Jennifer Safavian, president and CEO of Autos Drive America, a trade group for foreign automakers that make vehicles in the United States, said it will take time for the production of graphite and other critical minerals needed to produce EVs to match the strict standards required by automakers.

“Until then, sourcing flexibility is paramount as automakers in the U.S. work to build up domestic supply chains and diversify their sourcing,” said Safavian.

In an attempt to thread that needle, the final rule designates both synthetic and natural graphite as “impracticable-to-trace” — meaning automakers through 2027 can continue to rely on graphite flowing out of China.

Administration officials in the final rule concluded it’s too difficult to trace the origins of synthetic graphite back to the petroleum coke, a waste byproduct, from which it’s made. The agencies noted that synthetic and natural graphite can be mixed before going into a battery anode, which also makes that material difficult to trace and track. Administration officials say there’s a clear end-date to this exemption and they expect investments in the graphite sector currently in the works to meet demand by 2027.

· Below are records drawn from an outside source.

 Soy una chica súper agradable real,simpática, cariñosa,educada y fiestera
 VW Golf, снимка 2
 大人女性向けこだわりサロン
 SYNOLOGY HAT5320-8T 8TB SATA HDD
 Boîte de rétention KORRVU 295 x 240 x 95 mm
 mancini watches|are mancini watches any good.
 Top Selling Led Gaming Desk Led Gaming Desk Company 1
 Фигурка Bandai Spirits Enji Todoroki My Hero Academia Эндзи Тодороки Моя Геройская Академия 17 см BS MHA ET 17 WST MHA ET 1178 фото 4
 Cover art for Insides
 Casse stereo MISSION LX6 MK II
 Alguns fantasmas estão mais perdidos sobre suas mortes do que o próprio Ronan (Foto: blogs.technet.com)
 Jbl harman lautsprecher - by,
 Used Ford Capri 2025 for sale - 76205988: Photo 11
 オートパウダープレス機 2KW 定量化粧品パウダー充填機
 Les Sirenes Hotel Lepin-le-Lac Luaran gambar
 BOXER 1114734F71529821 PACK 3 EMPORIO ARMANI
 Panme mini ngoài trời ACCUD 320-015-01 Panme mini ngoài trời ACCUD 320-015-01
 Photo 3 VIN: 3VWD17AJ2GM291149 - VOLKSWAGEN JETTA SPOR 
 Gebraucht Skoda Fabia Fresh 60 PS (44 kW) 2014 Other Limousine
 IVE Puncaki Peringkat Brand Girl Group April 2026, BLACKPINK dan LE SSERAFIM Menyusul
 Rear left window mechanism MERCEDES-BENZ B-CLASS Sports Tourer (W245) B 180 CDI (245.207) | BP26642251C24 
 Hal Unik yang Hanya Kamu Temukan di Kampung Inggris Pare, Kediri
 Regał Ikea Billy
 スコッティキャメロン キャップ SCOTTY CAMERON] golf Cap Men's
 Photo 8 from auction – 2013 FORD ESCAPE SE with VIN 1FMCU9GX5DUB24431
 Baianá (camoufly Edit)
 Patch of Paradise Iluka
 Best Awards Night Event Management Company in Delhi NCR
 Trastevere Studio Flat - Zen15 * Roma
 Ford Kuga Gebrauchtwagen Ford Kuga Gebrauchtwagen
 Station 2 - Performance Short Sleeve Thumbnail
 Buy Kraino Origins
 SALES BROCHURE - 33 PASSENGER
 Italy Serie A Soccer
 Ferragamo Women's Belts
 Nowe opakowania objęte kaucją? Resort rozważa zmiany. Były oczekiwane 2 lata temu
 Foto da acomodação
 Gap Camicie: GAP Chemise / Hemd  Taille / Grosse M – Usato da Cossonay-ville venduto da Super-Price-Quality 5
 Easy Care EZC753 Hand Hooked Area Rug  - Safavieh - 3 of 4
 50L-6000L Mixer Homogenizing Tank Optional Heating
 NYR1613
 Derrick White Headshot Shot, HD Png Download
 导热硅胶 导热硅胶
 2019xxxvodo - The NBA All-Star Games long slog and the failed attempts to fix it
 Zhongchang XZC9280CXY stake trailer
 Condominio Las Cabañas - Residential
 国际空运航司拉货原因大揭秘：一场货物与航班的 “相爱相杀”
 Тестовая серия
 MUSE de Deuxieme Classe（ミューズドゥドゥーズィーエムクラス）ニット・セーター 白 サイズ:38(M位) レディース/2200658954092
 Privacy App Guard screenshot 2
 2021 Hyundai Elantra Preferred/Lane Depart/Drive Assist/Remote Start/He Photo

But Abigail Hunter, executive director of SAFE’s Center for Critical Minerals Strategy, said that while the administration has moved to bolster graphite production, the timelines on commercialization of these projects lag behind the urgency of near-term EV deployment goals.

Hunter reiterated that the auto industry needs a “clear exit strategy” to ensure the U.S. and its allies aren’t reliant on adversaries and voiced support forbipartisan legislation, H.R. 8187, which aims to track critical minerals as they move through the world’s supply chains.

Ben Steinberg, a spokesperson for the Battery Materials & Technology Coalition, a trade group for members of the supply chain that includes graphite producers, said that allowing Chinese graphite companies to gain access to the tax credit over the next two years is antithetical to the IRA and puts standing up the North American supply chain at risk.

But Steinberg also noted that the rule includes a requirement for manufacturers relying on the grace period to show how they’ll comply by 2027 in securing IRA-compliant graphite. According to the rule, that’s expected to include “robust documentation” around efforts companies are making to secure new supplies from domestic or compliant suppliers and ultimately ink offtake agreements.

An alliance made up of graphite producers in the U.S. and Canada called on the administration to “stringently impose” its requirement for automakers to source IRA-compliant graphite by 2027.

“Only then will the producers be able to obtain the financing necessary to begin scaling production to fulfill demand by 2027,” said Erik Olson, a spokesperson for the North American Graphite Alliance.